I have a difficult time maintaining rituals.  I don’t get sushi every Friday.  I don’t see a new movie every week.  I am not consistent about my workout schedule.  I don’t arrive at work at the same time each day.  I don’t have a meatball sub night, I don’t even have a Chinese food night even though my dinner is ordered and on the way.

Actually, tonight probably marks one of the last times I am going to succumb to just calling the Chinese food place and trying to keep it under $15 and 1000 calories.  Last year at my work there was a small push for a weight watchers club.  I joined, because why not...if it works great, and it not...data point.  Well, it worked.  I lost a bunch of weight and haven’t gained it back.  That was a year ago.  In fact, since the program ended I have lost some extra weight and would feel better about it if I wasn’t coming off of the most party-filled October in living memory.

We had some vendors in town this week who pushed our tables around in the cafeteria and threw off everyone’s lunch schedule and routine...or should I say ritual.  When I look at my day to day life, the only consistent items are my breakfast (two english muffins with two sparse bits of butter...a little carb, a little crispy, a lot delicious) and when I try to eat lunch (and with whom).  These vendors monkied that all up and I ended up sitting with the program management people about thirty minutes off my schedule.  To top it off the cafeteria only had one thing available, a free salad bar.  

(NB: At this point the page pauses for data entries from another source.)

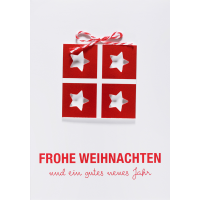 Weihnachten Glückwunschkarte mit Umschlag rot...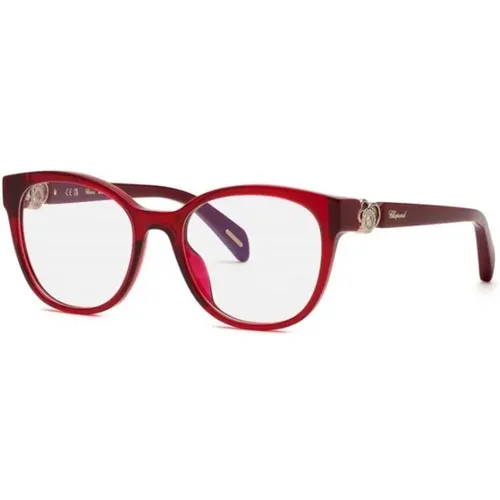 Stylish Glasses in Bordeaux , unisex, Sizes: 53 MM - Chopard - Modalova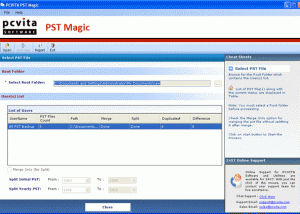 software - Merge Multiple PST Files in Outlook 2.2 screenshot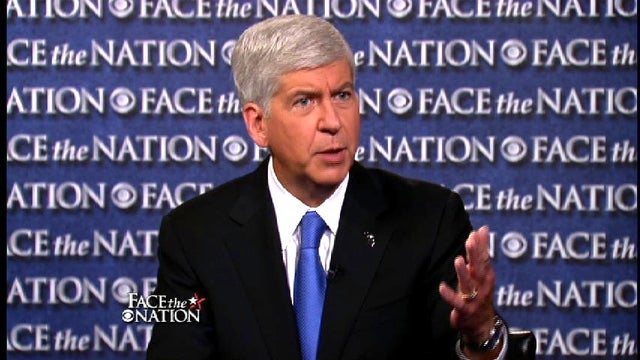 Michigan Gov: Detroit bankruptcy "tragic," but "right decision" 
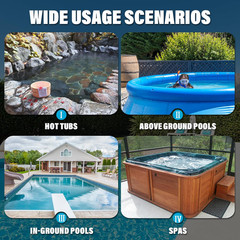Cordless Pool Vacuum for above Ground Pool, Handheld Rechargeable Pool Cleaner w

Free.  Great.  Actually, no.  Tarp.  Free salad bar is a god damn Tarp, Admiral Akbar.  Just because something has the word ‘salad’ in it doesn’t make it good for you.  Six ounces of chicken, two handfuls of spinach (I used the tongs but two tongfuls of spinach sounds creepy), two kinds of cheese, and other assorted awesome things later I had a delicious creation and had blown through most of my points for the day.  Yes, I still semi-track my points, I just don’t go to meetings.  Weight watchers is just self-control and math.  I am good at math and ...well, I am only ok at self-control.  Anyway, all this led to a conversation with the program management people and that was when they pointed me at one of the products a vendor was schlepping:  prepared meals.

Specifically Diet To Go, but beyond the specific brand, I was fascinated by the concept.  As I told the people at lunch, I subscribe to a prepared meals system now...it just happens that the people putting together my dinner work at Chipotle, Panera, and Glory Garden.  Diet To Go would let me pick up meals for breakfast, lunch, and dinner at a place very close to me...on the way home in fact, much like the aforementioned establishments.  The price per meal ends up being less than I am spending now and the system has a fair but regimented caloric total.  Actually, the calories per day are a touch higher than I should be at right now, but the difference between “should” and “ehhhh just be better this weekend, nom nom nom” means the math would likely work out on my side.

The unasked for assault upon my willpower to behave should be the easiest fight on the planet.  A Little Caesar’s opened up nearby recently and they are shitting out pepperoni pizzas for $5.30 (after taxes).  And it isn’t good pizza.  I know it isn’t good pizza, you know it isn’t good pizza.  Everyone knows.  But what the hell.  Five bucks and a shout of “Pep Out!” and boom, you have something that will be edible for the next sixty minutes.  And I have tried all sorts of ways to cheat around the fact that it takes all of twenty minutes to stroll through eight slices.  There was a week where I convinced myself that scrapping all the cheese and pepperoni off onto a plate in some sort of cheesy casserole (A cholesterole according to a friend) was acceptable.  There are some rituals that should not be.  Bowing to bad bad choices late at night for no acceptable reason is one of them.

Against all of that I am going to pit this Diet To Go thing.  Of course, I have secret motives for all of this.  If the money math works I end up saving.  If the calorie math works I end up losing (weight).  And if the food is good I end up holding on to some sort of ritual.  I’d like to lose another fifteen pounds, and I keep meaning to put in the miles (I was so good last week!), but the sun keeps slipping out early and catching the first train home in the morning.  Soon the rains will start and the real battle to pound the pavement will begin.  If I can button down a few loose ends maybe I will have an easier time fighting that fight this winter.  Regardless, it is still October and I am geeking out this weekend, so all of this ritual starts next week.  Honest.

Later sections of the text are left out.